Tangible Tools for Art Therapists
This project aims to build novel tools that increase the capacity of art therapists to engage cognitively disabled older people in artistic activities. Engagement with the arts is becoming widely accepted as a method for promoting quality of life in older people. However, many older people have difficulty motivating themselves to engage in a creative activity for a reasonable period of time. These difficulties are compounded when the older adult suffers from a cognitive disability, such as dementia (e.g. Alzheimer's disease).
Assisted Handwashing using a Partially Observable Markov Decision Process (POMDP)
This project is to design and build real-time systems to assist persons with dementia during handwashing.
Assistance is given in the form of verbal and/or visual prompts, or through the enlistment of a human caregiver's help.
The system uses only video inputs, and combines a Bayesian sequential estimation framework for tracking hands and towel,
with a decision theoretic framework for computing policies of action -- specifically a partially observable Markov decision process (POMDP). A key element of the system is the ability to estimate and adapt to user states, such as awareness, responsiveness and overall dementia level.
Scaling up Statistical Spoken Dialogue Systems
This project aims to develop realistic large-scale SSDS with an accurate, extended
representation of user goals, and to use new Automatic Belief Compression (ABC) techniques to plan
over the large state spaces thus generated. Techniques such as
Value-Directed Compression demonstrate that compressible structure can
be found automatically in the SSDS domain. Joint work with Oliver Lemon
and Paul Crook.
DyNaMo: Dynamic Probabilistic Graphical Models
The DyNaMo project investigates probabilistic graphical models (PGMs) and their applications. PGMs allow the representation of probability distributions with many variables in a compact form, also they help to make probabilistic inference (estimate the probability of certain variables given other known) efficiently.

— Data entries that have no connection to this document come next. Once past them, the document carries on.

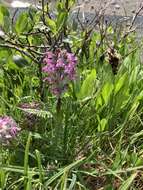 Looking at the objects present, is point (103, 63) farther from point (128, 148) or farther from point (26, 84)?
point (128, 148)

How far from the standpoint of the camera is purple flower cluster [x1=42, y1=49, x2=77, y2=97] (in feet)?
5.24

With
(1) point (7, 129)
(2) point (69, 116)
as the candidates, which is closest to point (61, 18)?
(2) point (69, 116)

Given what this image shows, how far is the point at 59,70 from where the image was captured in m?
1.60

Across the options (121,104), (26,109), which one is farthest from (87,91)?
(26,109)

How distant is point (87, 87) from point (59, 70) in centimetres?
33

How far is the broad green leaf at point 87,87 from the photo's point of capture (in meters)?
1.91

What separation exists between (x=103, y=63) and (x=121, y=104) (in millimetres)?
325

PGMs include: Bayesian classifiers, Bayesian networks, Markov random fields, and have many applications in medicine, expert systems, industrial diagnosis, image analysis, robotics and many others.
Ambient Kitchen
The Ambient Kitchen is a project at Culture Lab, Newcastle University, run by Patrick Olivier. I collaborate on this project, and am currently looking for a PhD student in machine learning to work with me on it. Email me for details.
Haptic Stroke Rehabilitation
This project is developing a real-time system that guides stroke patients during upper extremity rehabilitation. The system automatically modifies exercise parameters to account for the specific needs and abilities of different individuals. The system uses a partially observable Markov decision (POMDP) model of a rehabilitation exercise that can
capture this form of customization.
Blackjack Monitoring
This project uses stereo vision to detect card
counters in the game of Blackjack. The system tracks the game as it progresses, monitors the cards played, and tracks the player's betting patterns. The
correlation between the player's
betting patterns and the game card count is analysed to determine the
likelihood that a player is
card counting, and the system alerts the Casino staff upon positive
identification of a card counter.
The Blackjack tracking system also has the ability to detect dealer
errors, by monitoring dealers'
actions made during the game and ascertaining whether or not the
correct action was taken.
SNAP
SNAP: SyNdetic Assistance Processes for Rapid Development of Technologies for Wellness. This project aims to develop a methodology for rapid prototyping of POMDP models for assistive technology. A POMDP for assistance of persons with dementia has system actions as the various prompts or memory aids the system can use to help a user remember things in the task. For example, shining a light on the kettle may remind them of the kettle's purpose. A key problem is the initial specification of the model for a particular task. We accomplish this by qualitative and quantitative task analysis using Syndetic modeling applied to a small number of example videos. The result is a proces for the initial specification of a full working assistive technology for a particular task. In collaboration with Andrew Monk and Patrick Olivier.
Planning under Uncertainty
SPUDD stands for Stochastic Planning Using Decision Diagrams. SPUDD implements a value iteration
algorithm for MDPs and POMDPs that uses algebraic decision diagrams (ADDs) to
represent value functions and policies.